А привычка осталась.
И теперь, когда за ветровым стеклом мерцала нам призрачная свобода, Герка ожил, точно экзотическое растение в сезон дождей. Но весь блеск и остроумие, и ассоциативное мышление пропадали втуне, поскольку никто из нас не мог сейчас оценить его по достоинству.
По каким принципам, вообще, подбирается хорошая команда? Не знаю, я не психолог, но, по-моему, процесс этот долгий и болезненный, а тут в джипе сидят пятеро абсолютно чужих друг другу людей, которые, в довершение ко всему, еще и едва знакомы между собой.
– А ты где работал, Томас? – говорит Герка, обернувшись. Не люблю, когда крутят головой, сидя за рулем.
– Программистом, – лениво ответил Томас, глядя в окно. – Было одно такое заведение, потом его закрыли.
– Ты такого Вельтмана знал? Лучший системщик в городе.
– Знал. Только это легенда. Не был он лучшим системщиком в городе.
Вельтман этот был, видимо, лучшим системщиком в их команде, а значит, и в городе. Иначе и быть не могло.
Герка обиделся и замолчал. Так, в полном молчании, мы ехали еще какое-то время, потом Кристина тихонько толкнула меня в бок.
– Ты чего? – спрашиваю.
– Мне плохо, – говорит она шепотом. – Меня, кажется, укачало.
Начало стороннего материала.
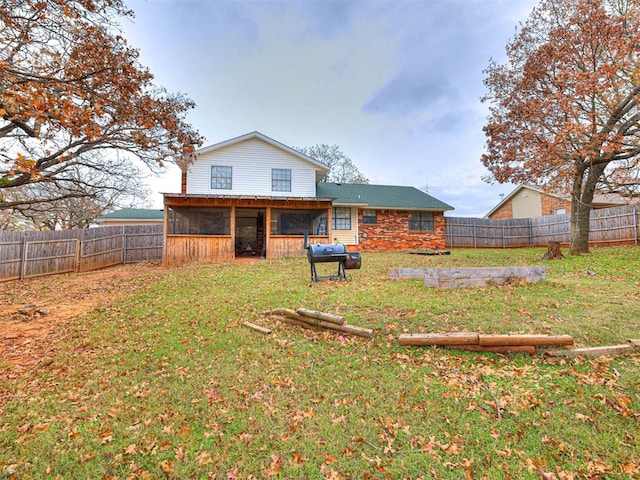 back of property with a yard and a sunroom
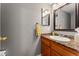 Clean bathroom with granite vanity and updated fixtures at 7114 E Briarwood Dr, Centennial, CO 80112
Я поглядела на нее. О, Господи! Она сидела совершенно зеленая, красивого нежно-зеленого цвета. Она была, конечно, жутко тощая – в чем душа держится, но такие хрупкие с виду женщины на самом деле очень выносливы. Что на нее нашло?
– Герка, – говорю. – Останови машину. Кристине плохо.
Герка, чертыхаясь, съехал к обочине.
Мы выбрались наружу и разместились у машины. Кристина сделала несколько неверных шагов и села прямо на землю. Все тактично смотрели в сторону, кроме Герки, который сразу надулся и начал орать на нее.
– Если ты знаешь, что тебя в машине укачивает, какого черта ты едешь? Ты что, так и собираешься травить всю дорогу?
– Герасим, заткнись, – говорю. – Ты же обратно ее все равно не можешь отправить. Что уж теперь начинать... А она привыкнет со временем.
– Привыкнет она, как же...
Томас поглядел на полупрозрачную Кристину, вздохнул и полез обратно в джип. Какое-то время он копался в вещах, сваленных на заднем сиденье, потом вынырнул, держа в руках термос и какой-то флакон с таблетками.
– На вот, запей, – сказал он, протягивая ей крышку от термоса, над которой поднимался пар. – Говорят, это помогает.
– От чего помогает? – спрашиваю.
– От морской болезни. Тебе тоже дать?
– Нет, – говорю. – В этом смысле я все еще в порядке. Вы мне лучше кофе налейте.
– Сама нальешь, – отвечает, – раз в порядке. – И отошел к джипу.
Я присела рядом с Кристиной и стала ждать, когда она освободит кружку. К Кристине постепенно возвращался ее естественный цвет.
– Ты как фрекен Снорк, – говорю. – Она тоже меняла цвета в момент душевного напряжения.
– Смеешься, – слабо ответила она. – А как я дальше поеду?
– Отсидишься и поедешь. Это все от того, что мы выехали на пустой желудок. А сейчас найдем какое-нибудь уютное место, позавтракаем...
– Не хочу слышать про завтрак.
– Ну, не хочешь, и не надо. Просто так посиди.
После теплого нутра машины на обочине, казалось, было невыносимо холодно. Я увела руки в рукава и стала глядеть на небо – просто потому, что больше глядеть было некуда – по обе стороны шоссе расстилались пожухлые бурые поля.